**What is being asked**
Beneath this line are the data; copy exactly the part of them that opens with the line containing "Demon Slayer 1 Rug" and closes with the line containing "George Cates and", and only that part.

**Material for this exercise**
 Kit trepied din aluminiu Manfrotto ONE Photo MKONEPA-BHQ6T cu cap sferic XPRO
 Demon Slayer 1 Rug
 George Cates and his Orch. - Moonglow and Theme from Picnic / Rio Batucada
--
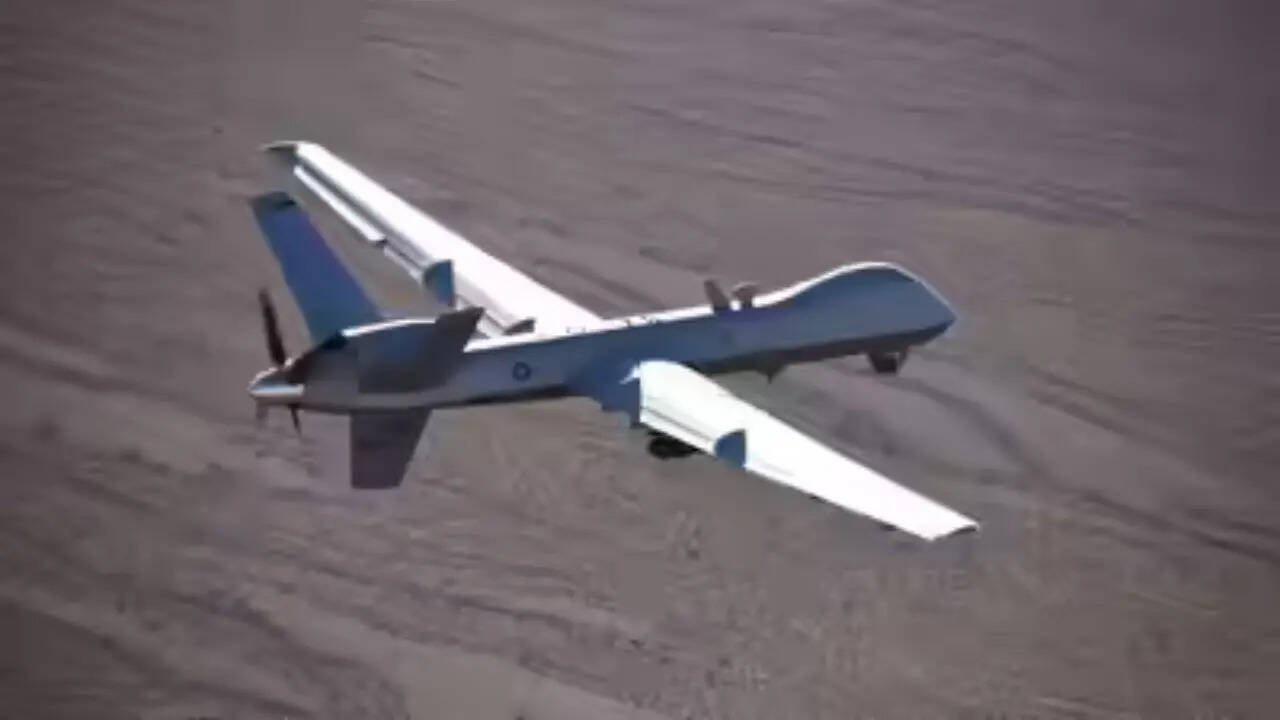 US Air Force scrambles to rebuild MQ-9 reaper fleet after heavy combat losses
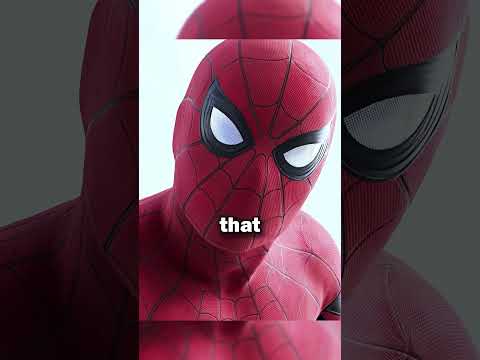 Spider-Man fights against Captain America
==
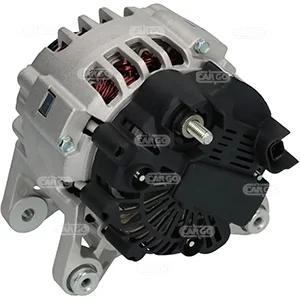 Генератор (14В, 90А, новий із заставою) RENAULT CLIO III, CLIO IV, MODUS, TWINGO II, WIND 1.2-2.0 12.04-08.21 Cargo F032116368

**Answer for this exercise**
 Demon Slayer 1 Rug
 George Cates and his Orch. - Moonglow and Theme from Picnic / Rio Batucada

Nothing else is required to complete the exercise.